Chinese state-owned film corporation owner by China Film Group Corporation

China Film Group Co., Ltd. (中国电影产业集团股份有限公司), Formerly known as China Film Co., Ltd. (中国电影股份有限公司), is a Chinese state-owned film production and distribution corporation headquartered in Beijing, China. the company was founded in 2010 by China Film Group Corporation and seven strategic investment units.

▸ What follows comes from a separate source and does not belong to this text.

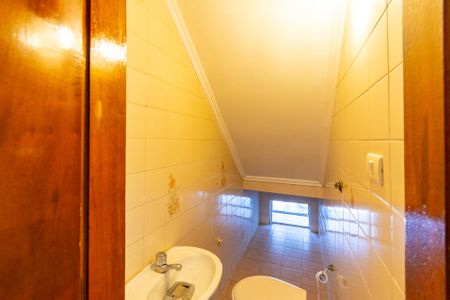 Casa para alugar com 90m², 2 quartos e 2 vagasLavabo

China Film Group's main business encompasses six major sectors: creation, distribution, exhibition, technology, services, and innovation, covering film and television production; post-film product management; promotion and distribution of domestic and imported films, secondary market distribution; cinema investment and management, cinema chain operation; film technology research and development, film and television equipment production, sales and technical services; film production, ticketing platforms, and financial leasing services.

==History==

In August 2016, China Film Co., Ltd. was listed on the main board of the Shanghai Stock Exchange, becoming the first state-owned film corporation to be listed on the A-share market.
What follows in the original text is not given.